Schlagloch auf der Autobahn – Land NRW haftet

Erleidet ein Pkw-Fahrer beim Durchfahren eines Schlaglochs auf der Bundesautobahn einen Schaden, haftet das beklagte Land aufgrund einer Verkehrssicherungspflichtverletzung, wenn das Schlagloch durch eine von ihm zu verantwortende, vermeidbare Gefahrenquelle entstanden ist.

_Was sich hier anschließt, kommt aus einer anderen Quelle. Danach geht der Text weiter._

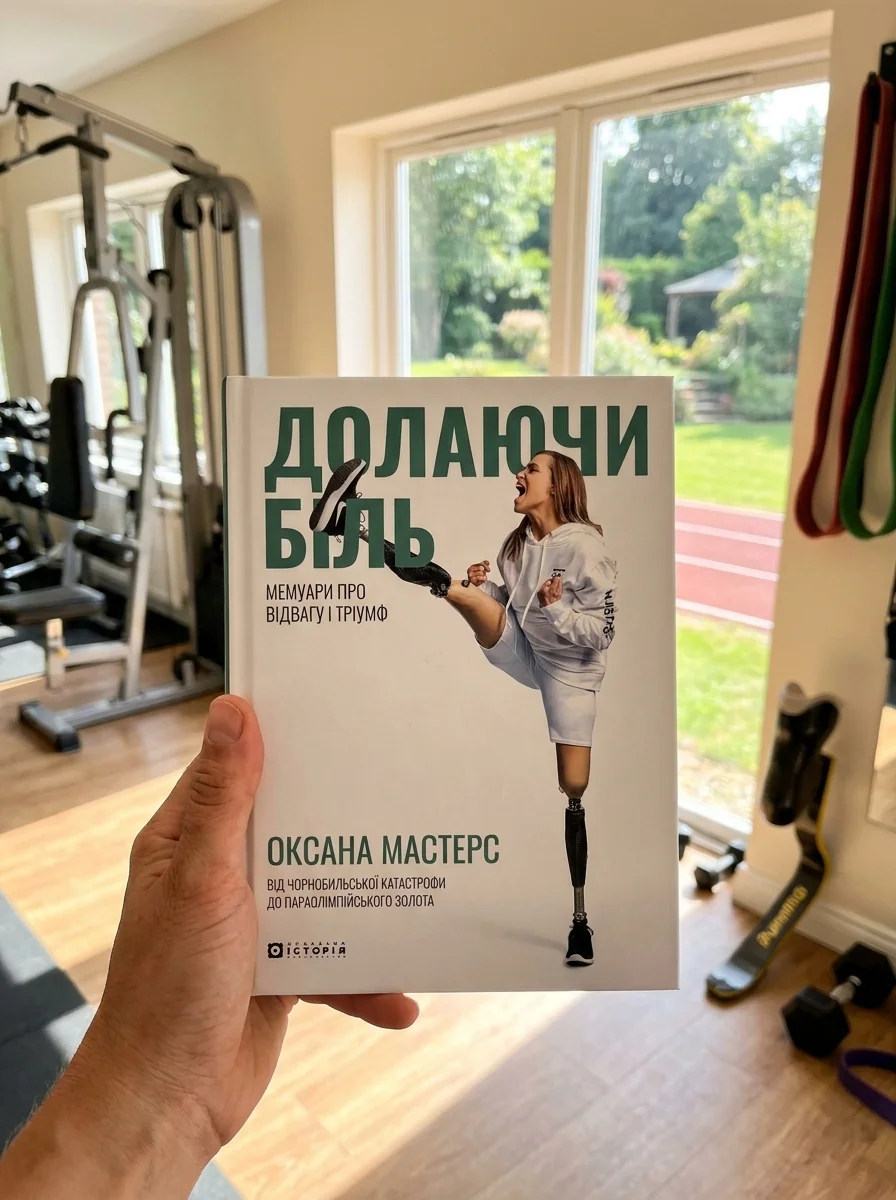 Долаючи біль. Мемуари про відвагу та тріумф — Наука та психологія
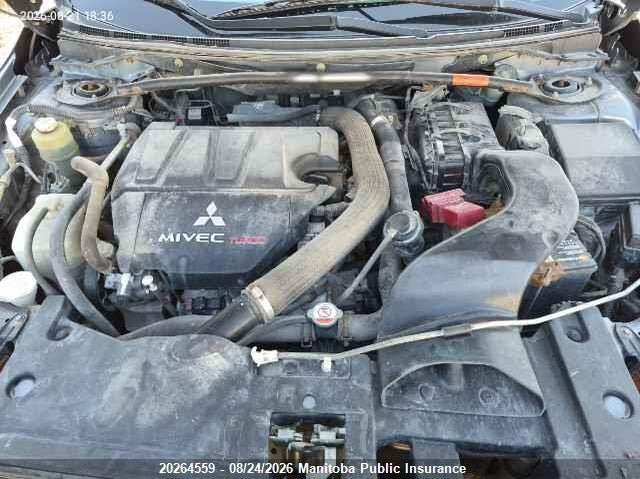 2014 MITSUBISHI LANCER SEDAN 2.0L I4 FI DOHC 16V NF4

Das hat das Oberlandesgericht (OLG) Hamm entschieden und das Land NRW zum Schadenersatz verurteilt. Geklagt hatte ein Mann, der mit seinem Pkw die BAB 52 in Gelsenkirchen im Bereich einer Baustelle befahren hatte. Dabei wurde die Fahrbahn über den Standstreifen geleitet. Dort geriet das Fahrzeug in ein ca. 20cm tiefes Schlagloch und erlitt einen Achsschaden. Die Reparaturkosten betrugen ca. 2.200 EUR. Das Schlagloch war im Bereich eines für den Baustellenbetrieb verschlossenen Gullyschachts entstanden. Um den Standstreifen für den Verkehr befahrbar zu machen, hatte der für das beklagte Land handelnde Landesbetrieb Straßenbau NRW die zu überfahrenden Gullyschächte mit Eisendeckeln versehen und mit einer bituminösen Masse sowie mit einer Asphaltschicht auffüllen lassen. Im Bereich der Unfallstelle war diese Füllung zum Teil herausgebrochen, wodurch das Schlagloch entstanden war.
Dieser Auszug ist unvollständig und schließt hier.